[Source data]
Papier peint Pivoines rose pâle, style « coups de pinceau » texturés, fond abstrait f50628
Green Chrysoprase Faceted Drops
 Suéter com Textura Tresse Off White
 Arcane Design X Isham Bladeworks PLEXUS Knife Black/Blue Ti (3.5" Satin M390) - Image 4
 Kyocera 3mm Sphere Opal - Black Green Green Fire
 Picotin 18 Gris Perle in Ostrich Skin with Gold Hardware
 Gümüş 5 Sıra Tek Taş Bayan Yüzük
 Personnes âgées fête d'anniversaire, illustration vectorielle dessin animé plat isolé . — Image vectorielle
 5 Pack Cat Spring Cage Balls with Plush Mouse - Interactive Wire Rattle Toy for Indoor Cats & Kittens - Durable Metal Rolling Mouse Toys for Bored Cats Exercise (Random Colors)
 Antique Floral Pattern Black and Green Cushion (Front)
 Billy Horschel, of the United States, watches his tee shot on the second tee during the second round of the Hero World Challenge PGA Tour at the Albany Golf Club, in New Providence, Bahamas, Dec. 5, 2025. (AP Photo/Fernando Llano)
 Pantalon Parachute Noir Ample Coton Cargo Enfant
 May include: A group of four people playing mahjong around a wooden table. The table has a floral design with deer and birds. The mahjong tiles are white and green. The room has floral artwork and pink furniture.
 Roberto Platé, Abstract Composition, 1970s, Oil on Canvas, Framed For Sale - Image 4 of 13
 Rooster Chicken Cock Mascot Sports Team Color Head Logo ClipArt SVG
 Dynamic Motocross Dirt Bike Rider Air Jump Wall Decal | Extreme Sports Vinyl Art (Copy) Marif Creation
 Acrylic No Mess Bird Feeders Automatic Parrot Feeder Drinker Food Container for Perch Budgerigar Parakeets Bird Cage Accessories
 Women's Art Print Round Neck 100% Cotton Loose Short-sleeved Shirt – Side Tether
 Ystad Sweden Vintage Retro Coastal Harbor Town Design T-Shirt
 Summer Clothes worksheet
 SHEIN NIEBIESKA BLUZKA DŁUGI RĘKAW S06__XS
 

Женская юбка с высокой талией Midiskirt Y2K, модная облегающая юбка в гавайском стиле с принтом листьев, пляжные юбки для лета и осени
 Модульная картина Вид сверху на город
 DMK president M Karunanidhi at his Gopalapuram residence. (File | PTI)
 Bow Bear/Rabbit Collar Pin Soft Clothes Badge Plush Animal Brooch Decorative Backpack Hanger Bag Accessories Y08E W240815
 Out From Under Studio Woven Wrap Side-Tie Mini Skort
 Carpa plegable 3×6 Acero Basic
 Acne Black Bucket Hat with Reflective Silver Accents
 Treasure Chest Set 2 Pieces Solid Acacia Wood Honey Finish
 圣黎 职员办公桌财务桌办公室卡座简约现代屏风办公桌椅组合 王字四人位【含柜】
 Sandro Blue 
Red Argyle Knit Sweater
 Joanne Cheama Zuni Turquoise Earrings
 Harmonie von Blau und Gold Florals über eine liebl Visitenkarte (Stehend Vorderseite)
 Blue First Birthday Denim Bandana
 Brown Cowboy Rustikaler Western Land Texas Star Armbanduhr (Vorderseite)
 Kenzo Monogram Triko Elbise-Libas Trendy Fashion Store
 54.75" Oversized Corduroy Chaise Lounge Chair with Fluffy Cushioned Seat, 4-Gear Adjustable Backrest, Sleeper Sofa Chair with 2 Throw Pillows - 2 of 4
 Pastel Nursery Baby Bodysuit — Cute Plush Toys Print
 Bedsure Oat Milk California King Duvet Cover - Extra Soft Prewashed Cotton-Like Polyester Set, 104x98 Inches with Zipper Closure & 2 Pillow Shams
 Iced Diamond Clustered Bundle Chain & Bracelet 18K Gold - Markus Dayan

• **Problem to solve**: Each line above must be reproduced exactly as it stands.

• **Reply to the exercise**:
Papier peint Pivoines rose pâle, style « coups de pinceau » texturés, fond abstrait f50628
Green Chrysoprase Faceted Drops
 Suéter com Textura Tresse Off White
 Arcane Design X Isham Bladeworks PLEXUS Knife Black/Blue Ti (3.5" Satin M390) - Image 4
 Kyocera 3mm Sphere Opal - Black Green Green Fire
 Picotin 18 Gris Perle in Ostrich Skin with Gold Hardware
 Gümüş 5 Sıra Tek Taş Bayan Yüzük
 Personnes âgées fête d'anniversaire, illustration vectorielle dessin animé plat isolé . — Image vectorielle
 5 Pack Cat Spring Cage Balls with Plush Mouse - Interactive Wire Rattle Toy for Indoor Cats & Kittens - Durable Metal Rolling Mouse Toys for Bored Cats Exercise (Random Colors)
 Antique Floral Pattern Black and Green Cushion (Front)
 Billy Horschel, of the United States, watches his tee shot on the second tee during the second round of the Hero World Challenge PGA Tour at the Albany Golf Club, in New Providence, Bahamas, Dec. 5, 2025. (AP Photo/Fernando Llano)
 Pantalon Parachute Noir Ample Coton Cargo Enfant
 May include: A group of four people playing mahjong around a wooden table. The table has a floral design with deer and birds. The mahjong tiles are white and green. The room has floral artwork and pink furniture.
 Roberto Platé, Abstract Composition, 1970s, Oil on Canvas, Framed For Sale - Image 4 of 13
 Rooster Chicken Cock Mascot Sports Team Color Head Logo ClipArt SVG
 Dynamic Motocross Dirt Bike Rider Air Jump Wall Decal | Extreme Sports Vinyl Art (Copy) Marif Creation
 Acrylic No Mess Bird Feeders Automatic Parrot Feeder Drinker Food Container for Perch Budgerigar Parakeets Bird Cage Accessories
 Women's Art Print Round Neck 100% Cotton Loose Short-sleeved Shirt – Side Tether
 Ystad Sweden Vintage Retro Coastal Harbor Town Design T-Shirt
 Summer Clothes worksheet
 SHEIN NIEBIESKA BLUZKA DŁUGI RĘKAW S06__XS
 

Женская юбка с высокой талией Midiskirt Y2K, модная облегающая юбка в гавайском стиле с принтом листьев, пляжные юбки для лета и осени
 Модульная картина Вид сверху на город
 DMK president M Karunanidhi at his Gopalapuram residence. (File | PTI)
 Bow Bear/Rabbit Collar Pin Soft Clothes Badge Plush Animal Brooch Decorative Backpack Hanger Bag Accessories Y08E W240815
 Out From Under Studio Woven Wrap Side-Tie Mini Skort
 Carpa plegable 3×6 Acero Basic
 Acne Black Bucket Hat with Reflective Silver Accents
 Treasure Chest Set 2 Pieces Solid Acacia Wood Honey Finish
 圣黎 职员办公桌财务桌办公室卡座简约现代屏风办公桌椅组合 王字四人位【含柜】
 Sandro Blue 
Red Argyle Knit Sweater
 Joanne Cheama Zuni Turquoise Earrings
 Harmonie von Blau und Gold Florals über eine liebl Visitenkarte (Stehend Vorderseite)
 Blue First Birthday Denim Bandana
 Brown Cowboy Rustikaler Western Land Texas Star Armbanduhr (Vorderseite)
 Kenzo Monogram Triko Elbise-Libas Trendy Fashion Store
 54.75" Oversized Corduroy Chaise Lounge Chair with Fluffy Cushioned Seat, 4-Gear Adjustable Backrest, Sleeper Sofa Chair with 2 Throw Pillows - 2 of 4
 Pastel Nursery Baby Bodysuit — Cute Plush Toys Print
 Bedsure Oat Milk California King Duvet Cover - Extra Soft Prewashed Cotton-Like Polyester Set, 104x98 Inches with Zipper Closure & 2 Pillow Shams
 Iced Diamond Clustered Bundle Chain & Bracelet 18K Gold - Markus Dayan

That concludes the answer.